**Exercise directions**:
Restate the whole listing below word for word and keep the images out.

**Data provided**:
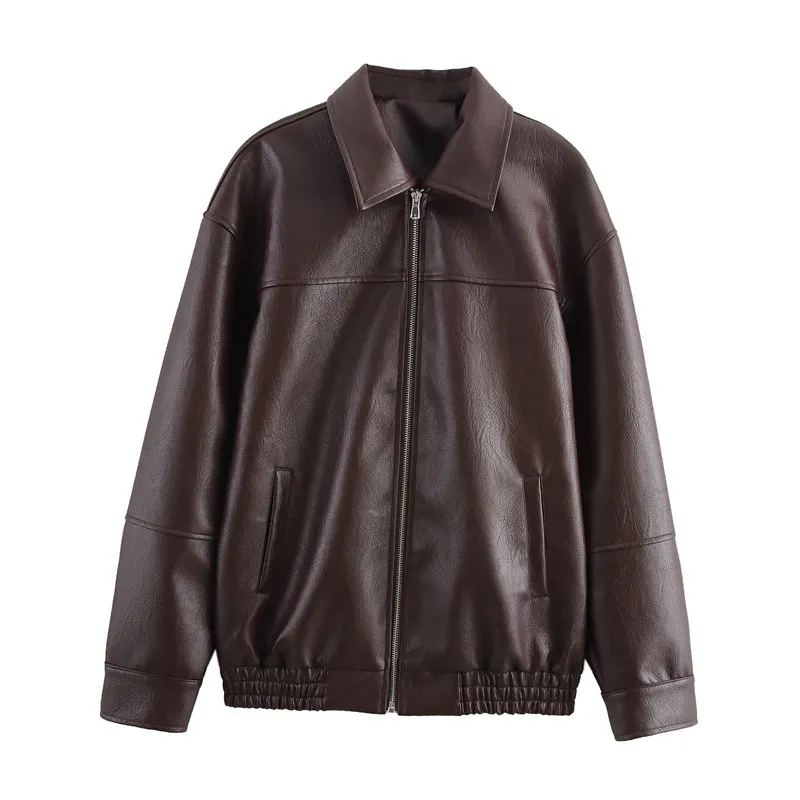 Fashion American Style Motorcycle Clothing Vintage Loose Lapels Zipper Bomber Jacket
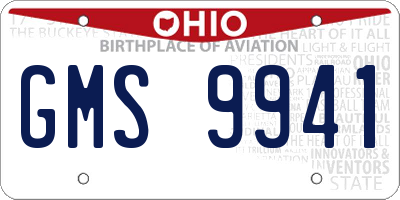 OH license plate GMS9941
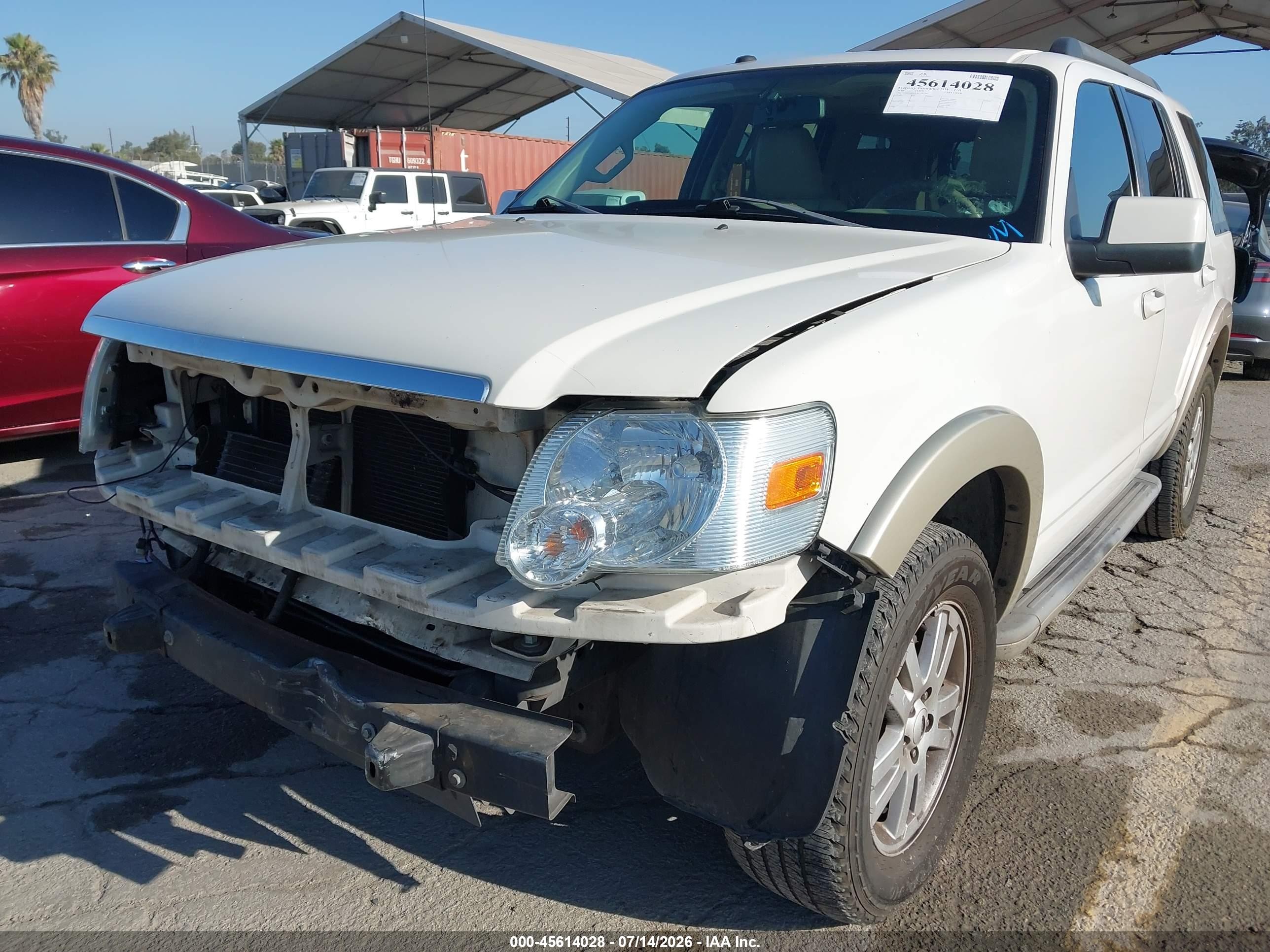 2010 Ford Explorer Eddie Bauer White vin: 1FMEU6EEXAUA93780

**Final answer**:
 Fashion American Style Motorcycle Clothing Vintage Loose Lapels Zipper Bomber Jacket
 OH license plate GMS9941
 2010 Ford Explorer Eddie Bauer White vin: 1FMEU6EEXAUA93780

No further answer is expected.